1. Wanneer moet je naar het ziekenhuis komen? 1.1 Bij regelmatige pijnlijke contracties of weeën Voorweeën zijn onregelmatig van aard en doen weinig pijn. Indien je voorweeën hebt, moet je nog niet naar het ziekenhuis komen. Je kan dan eventueel in bad gaan, waardoor de voorweeën vaak minderen of je kan even rusten in de zetel/bed. Een ‘echte’ wee komt op en trekt weer weg, dan heb je enkele minuten rust tot de volgende wee opkomt. Echte weeën komen regelmatig en doen meer pijn als voorweeën. Deze weeën gaan ook niet over als je in bad gaat of als je gaat rusten. Indien de weeën een uur aan een stuk om de vijf minuten doorkomen, is de arbeid waarschijnlijk begonnen en mag je naar het ziekenhuis komen. Het is vaak erg moeilijk om een onderscheid te maken tussen voorweeën en echte weeën.

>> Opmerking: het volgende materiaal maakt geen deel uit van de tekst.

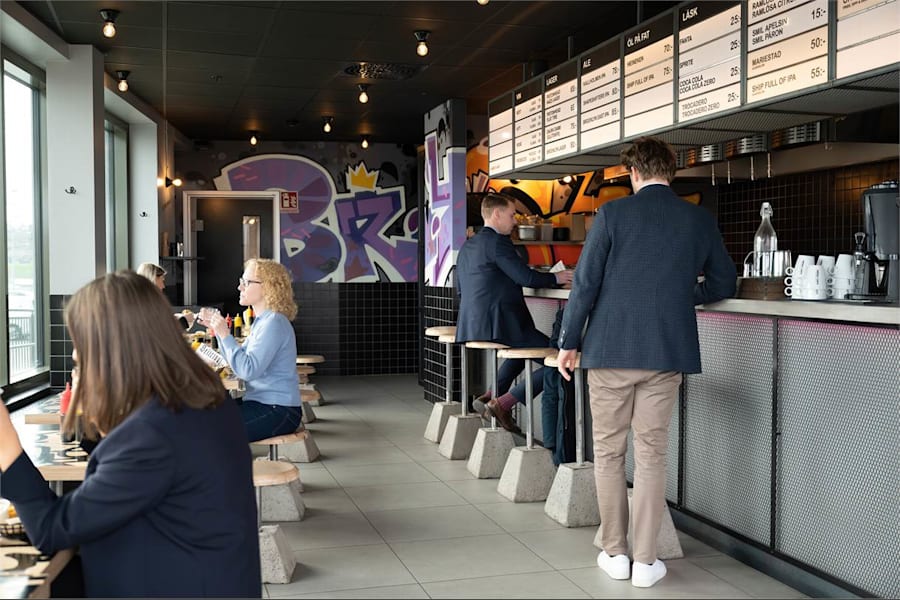 Köpsvängen 10 - Restaurang med hamburgare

Wanneer je twijfelt of je al dan niet naar het ziekenhuis moet komen, kan je altijd even naar de vroedvrouw bellen om je weeën te bespreken. 1.2 Vruchtwaterverlies Indien je vruchtwaterverlies hebt, moet je naar het ziekenhuis komen. Je mag nog rustig de tijd nemen om je spullen klaar te zetten en je wat op te frissen. Vruchtwaterverlies gaat niet steeds gepaard met weeën. Het is dus mogelijk dat eerst je water breekt en dat de weeën dan nog een tijdje uitblijven. 1.3 Bloedverlies Indien je helderrood bloedverlies hebt, moet je steeds op controle komen in de verloskamer. Bij het verliezen van de slijmprop moet je niet naar het ziekenhuis komen. In de slijmprop kan ook wat bloed aanwezig zijn, dit is normaal. 1.4 Op doktersadvies Indien er twijfels zijn of bij ongerustheid: neem dan zeker contact op met de kraamafdeling via het nummer: 011 71 53 10.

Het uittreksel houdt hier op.